The Price River flows by the city, and it is one of several communities near the San Rafael Swell. The city is on U.S. Route 6 and U.S. Route 191, and was one of the communities that was served by the Rio Grande Zephyr.

According to the United States Census Bureau, the city has a total area of 4.2 square miles (11.0 km²).4.2 square miles (11.0 km²) of it is land and none of the area is covered with water.


As of the census of 2000, there were 8,402 people, 3,045 households, and 2,085 families residing in the city. The population density was 1,979.7 people per square mile (765.1/km²). There were 3,311 housing units at an average density of 780.2/sq mi (301.5/km²). The racial makeup of the city was 90.70% White, 0.26% African American, 1.37% Native American, 0.56% Asian, 0.04% Pacific Islander, 4.25% from other races, and 2.82% from two or more races. Hispanic or Latino of any race were 10.08% of the population.

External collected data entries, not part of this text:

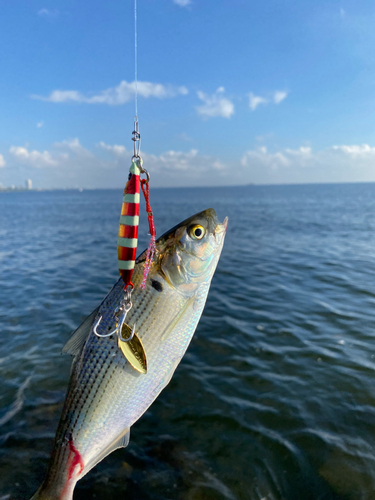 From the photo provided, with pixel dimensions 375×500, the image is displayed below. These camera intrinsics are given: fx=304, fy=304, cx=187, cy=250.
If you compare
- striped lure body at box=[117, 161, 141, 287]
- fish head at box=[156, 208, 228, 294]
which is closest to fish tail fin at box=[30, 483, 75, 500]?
striped lure body at box=[117, 161, 141, 287]

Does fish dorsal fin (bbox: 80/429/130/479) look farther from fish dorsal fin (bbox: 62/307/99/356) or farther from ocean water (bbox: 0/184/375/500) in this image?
ocean water (bbox: 0/184/375/500)

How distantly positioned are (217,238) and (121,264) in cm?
112

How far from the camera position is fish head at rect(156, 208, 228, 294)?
3178mm

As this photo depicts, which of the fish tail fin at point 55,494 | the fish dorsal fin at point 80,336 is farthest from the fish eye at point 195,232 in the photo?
the fish tail fin at point 55,494

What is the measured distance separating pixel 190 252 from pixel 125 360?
1.27 metres

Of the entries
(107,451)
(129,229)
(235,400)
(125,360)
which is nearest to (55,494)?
(107,451)

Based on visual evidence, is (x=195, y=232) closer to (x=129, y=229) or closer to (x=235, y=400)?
(x=129, y=229)

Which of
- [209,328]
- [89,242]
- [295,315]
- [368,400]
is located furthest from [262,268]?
[89,242]

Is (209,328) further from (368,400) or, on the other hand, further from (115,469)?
(115,469)

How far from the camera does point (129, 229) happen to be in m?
3.01

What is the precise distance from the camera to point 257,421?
20.0ft

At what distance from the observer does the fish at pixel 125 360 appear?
297 centimetres

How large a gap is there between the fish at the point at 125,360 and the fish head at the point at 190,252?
0.03 ft

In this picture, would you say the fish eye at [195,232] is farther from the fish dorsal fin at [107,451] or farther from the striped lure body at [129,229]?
the fish dorsal fin at [107,451] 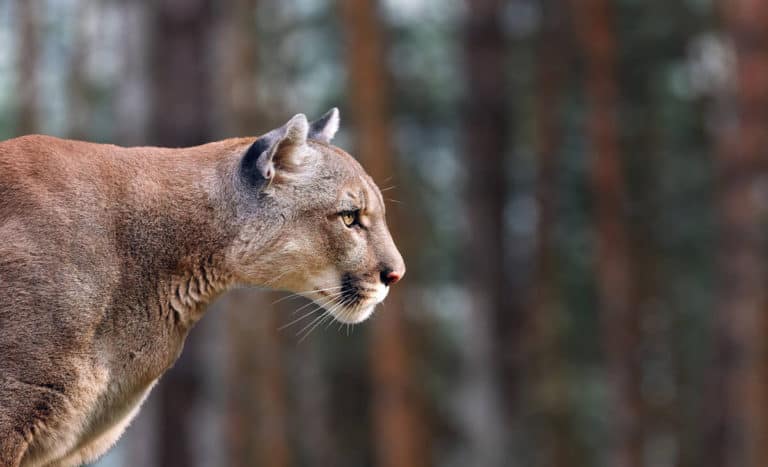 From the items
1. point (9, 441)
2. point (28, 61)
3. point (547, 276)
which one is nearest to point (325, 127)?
point (9, 441)

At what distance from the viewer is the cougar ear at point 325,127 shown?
219 inches

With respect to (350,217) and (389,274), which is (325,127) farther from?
(389,274)

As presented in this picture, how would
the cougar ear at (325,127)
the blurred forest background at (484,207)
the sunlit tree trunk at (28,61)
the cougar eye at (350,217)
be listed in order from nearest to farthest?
the cougar eye at (350,217), the cougar ear at (325,127), the blurred forest background at (484,207), the sunlit tree trunk at (28,61)

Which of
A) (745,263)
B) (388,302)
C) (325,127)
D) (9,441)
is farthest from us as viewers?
(388,302)

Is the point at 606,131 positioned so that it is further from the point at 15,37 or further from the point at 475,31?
the point at 15,37

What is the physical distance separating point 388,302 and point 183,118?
234 inches

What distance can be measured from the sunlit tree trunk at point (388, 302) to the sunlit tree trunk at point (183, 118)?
5258mm

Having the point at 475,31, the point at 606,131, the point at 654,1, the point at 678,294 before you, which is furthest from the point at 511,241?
the point at 678,294

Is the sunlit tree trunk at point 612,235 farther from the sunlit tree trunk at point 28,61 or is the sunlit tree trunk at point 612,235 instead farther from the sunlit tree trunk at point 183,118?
the sunlit tree trunk at point 183,118

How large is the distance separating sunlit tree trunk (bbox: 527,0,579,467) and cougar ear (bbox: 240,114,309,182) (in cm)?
1505

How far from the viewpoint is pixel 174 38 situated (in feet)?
43.9

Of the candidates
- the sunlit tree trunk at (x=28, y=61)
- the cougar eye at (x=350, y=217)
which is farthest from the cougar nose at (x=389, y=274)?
the sunlit tree trunk at (x=28, y=61)

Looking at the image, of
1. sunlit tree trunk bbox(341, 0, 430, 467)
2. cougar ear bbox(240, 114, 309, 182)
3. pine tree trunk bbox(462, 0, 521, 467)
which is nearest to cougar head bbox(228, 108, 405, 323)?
cougar ear bbox(240, 114, 309, 182)

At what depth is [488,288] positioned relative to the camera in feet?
63.9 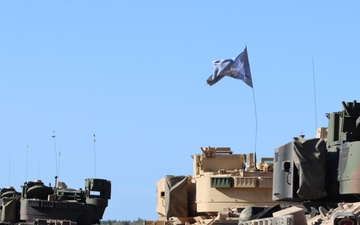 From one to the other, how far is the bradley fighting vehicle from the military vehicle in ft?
37.2

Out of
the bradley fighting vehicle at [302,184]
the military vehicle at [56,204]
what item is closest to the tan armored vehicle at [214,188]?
the bradley fighting vehicle at [302,184]

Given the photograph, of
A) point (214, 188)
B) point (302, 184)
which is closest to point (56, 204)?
point (214, 188)

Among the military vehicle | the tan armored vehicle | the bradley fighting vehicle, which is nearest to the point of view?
the bradley fighting vehicle

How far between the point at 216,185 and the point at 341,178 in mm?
13123

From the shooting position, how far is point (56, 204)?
4203 cm

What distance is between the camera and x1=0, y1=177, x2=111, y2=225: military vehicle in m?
42.0

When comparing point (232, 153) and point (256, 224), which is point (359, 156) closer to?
point (256, 224)

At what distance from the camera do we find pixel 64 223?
120 feet

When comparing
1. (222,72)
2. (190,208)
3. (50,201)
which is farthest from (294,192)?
(50,201)

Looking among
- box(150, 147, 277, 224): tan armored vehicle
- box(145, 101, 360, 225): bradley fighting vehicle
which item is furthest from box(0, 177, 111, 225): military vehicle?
box(145, 101, 360, 225): bradley fighting vehicle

There were 3,045 households out of which 34.4% had children under the age of 18 living with them, 53.2% were married couples living together, 11.5% had a female householder with no husband present, and 31.5% were non-families. 27.4% of all households were made up of individuals and 12.2% had someone living alone who was 65 years of age or older. The average household size was 2.60 and the average family size was 3.19.

In the city the population was spread out with 27.6% under the age of 18, 15.9% from 18 to 24, 22.5% from 25 to 44, 19.9% from 45 to 64, and 14.1% who were 65 years of age or older. The median age was 32 years. For every 100 females there were 91.7 males. For every 100 females age 18 and over, there were 88.3 males.

The median income for a household in the city was $31,687, and the median income for a family was $39,429. Males had a median income of $37,476 versus $21,081 for females. The per capita income for the city was $14,313. About 11.4% of families and 15.0% of the population were below the poverty line, including 16.3% of those under age 18 and 11.1% of those age 65 or over.


There are three public elementary schools in Price: Creekview Elementary, Castle Heights Elementary, and Pinnacle Canyon Academy. There is one junior high school, Mont Harmon Junior High, and one high school, Carbon High. Some children located in the Gordon Creek area attend Sally Mauro Elementary in Helper.